Try it –
From the line with "Mejor venta ergonómico" to the line with "Rebel Racing car", retype each line exactly as it stands in the records below, but skip the pictures.

=== Begin Enclosure ===

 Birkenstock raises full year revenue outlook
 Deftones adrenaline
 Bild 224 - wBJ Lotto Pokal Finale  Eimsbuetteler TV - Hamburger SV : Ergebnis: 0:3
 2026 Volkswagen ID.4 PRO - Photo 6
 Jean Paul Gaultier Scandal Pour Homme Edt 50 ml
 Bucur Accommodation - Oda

=== End Enclosure ===
=== Begin Enclosure ===

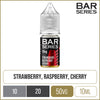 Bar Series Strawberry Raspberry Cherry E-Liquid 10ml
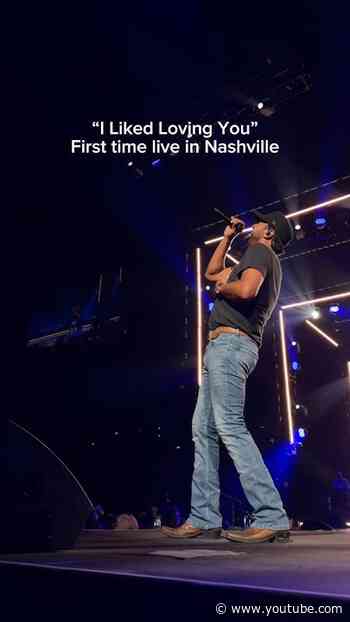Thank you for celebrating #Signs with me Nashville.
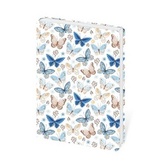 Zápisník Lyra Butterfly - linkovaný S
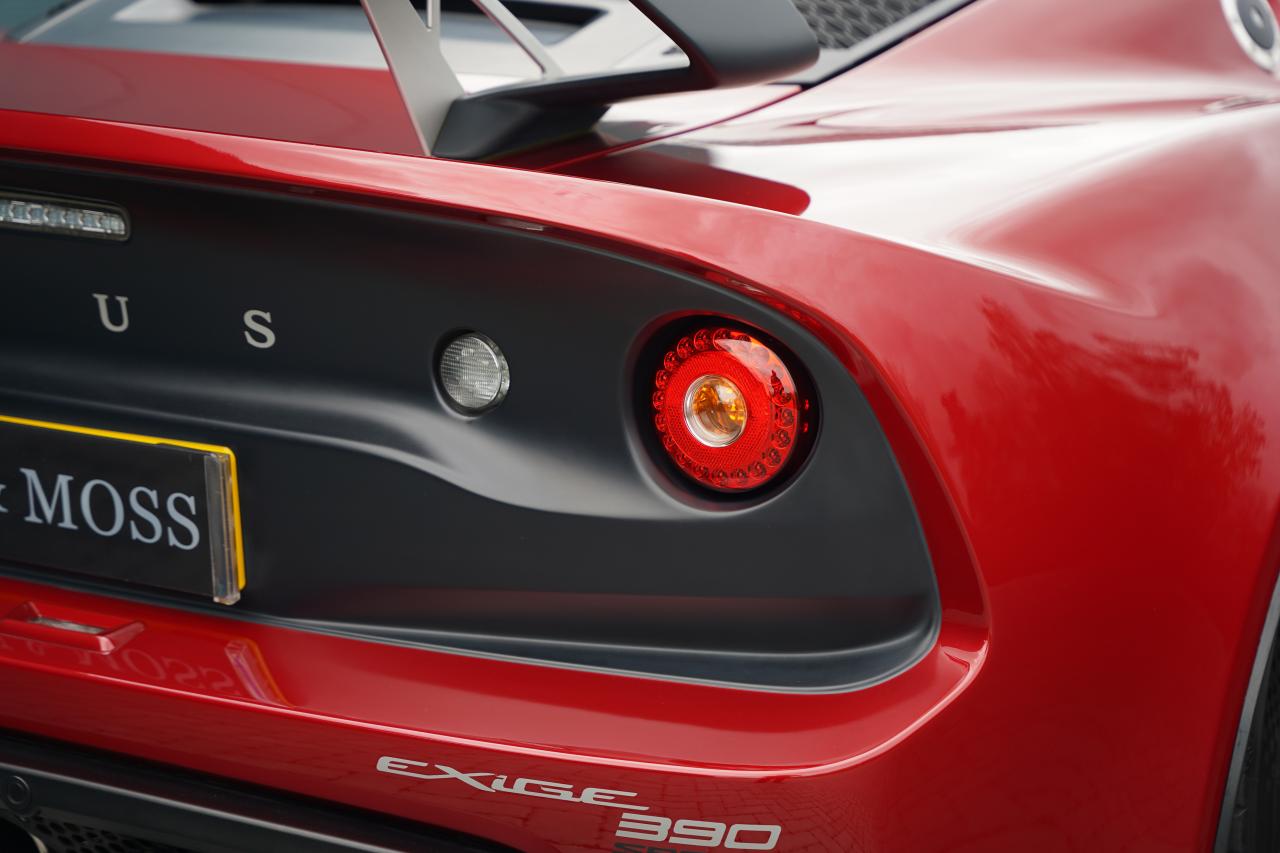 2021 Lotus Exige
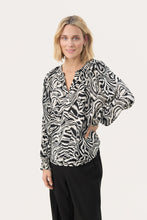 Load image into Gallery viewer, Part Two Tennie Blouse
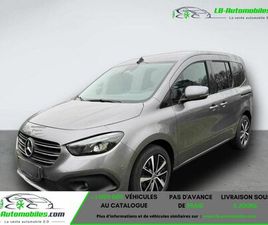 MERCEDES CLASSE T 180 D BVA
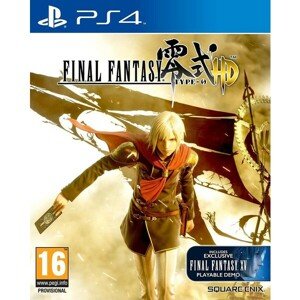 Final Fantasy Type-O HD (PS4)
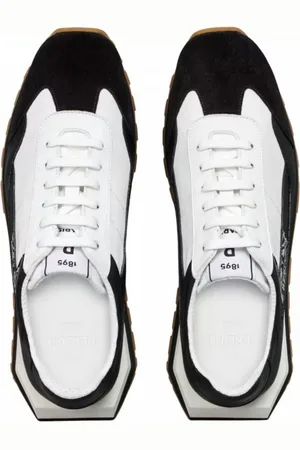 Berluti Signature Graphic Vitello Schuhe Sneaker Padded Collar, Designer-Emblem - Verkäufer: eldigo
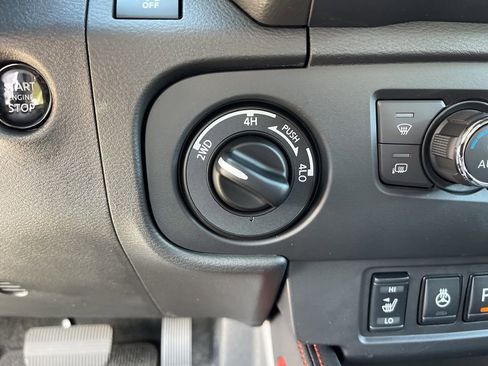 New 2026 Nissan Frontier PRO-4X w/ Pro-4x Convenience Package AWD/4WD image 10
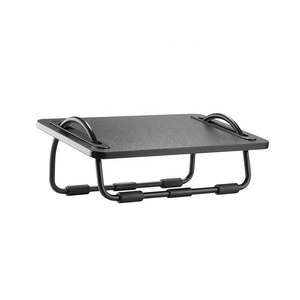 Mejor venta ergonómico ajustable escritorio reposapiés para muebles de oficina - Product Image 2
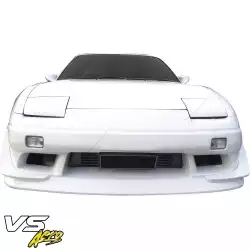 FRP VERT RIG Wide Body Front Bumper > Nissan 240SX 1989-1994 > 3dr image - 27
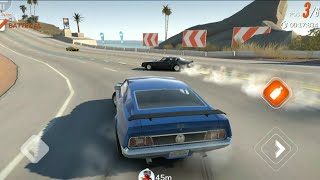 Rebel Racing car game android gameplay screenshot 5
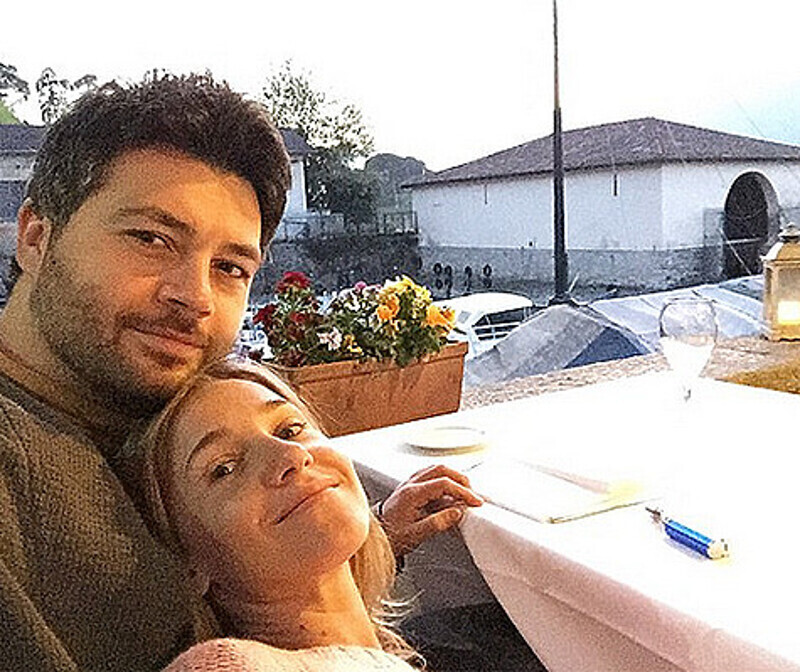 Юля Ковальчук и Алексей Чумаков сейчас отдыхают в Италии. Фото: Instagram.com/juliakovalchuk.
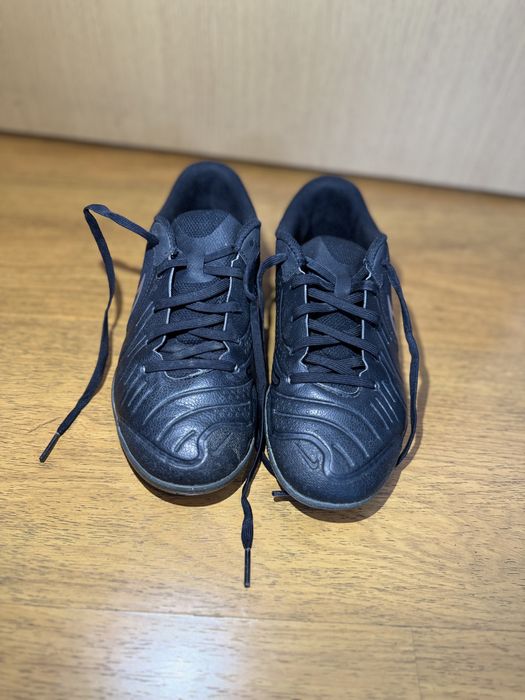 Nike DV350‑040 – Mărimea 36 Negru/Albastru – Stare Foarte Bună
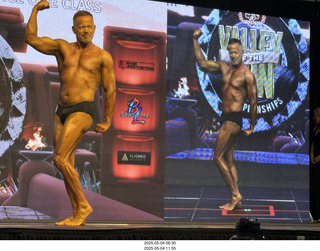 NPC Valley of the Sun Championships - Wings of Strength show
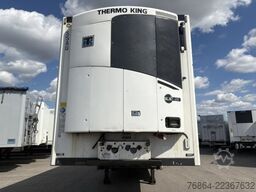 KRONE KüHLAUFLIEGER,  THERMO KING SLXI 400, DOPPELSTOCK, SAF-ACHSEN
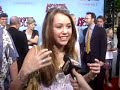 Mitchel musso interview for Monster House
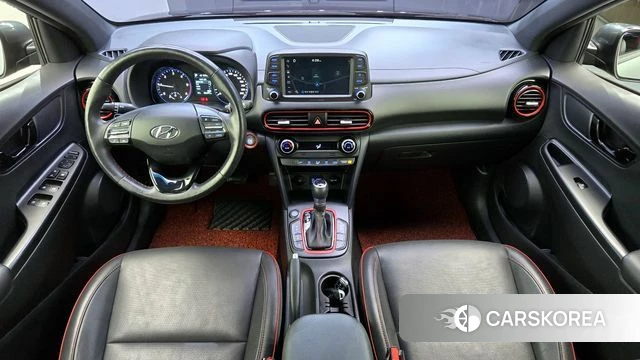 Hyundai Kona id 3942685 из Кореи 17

=== End Enclosure ===

Exercise response –
 Mejor venta ergonómico ajustable escritorio reposapiés para muebles de oficina - Product Image 2
 FRP VERT RIG Wide Body Front Bumper > Nissan 240SX 1989-1994 > 3dr image - 27
 Rebel Racing car game android gameplay screenshot 5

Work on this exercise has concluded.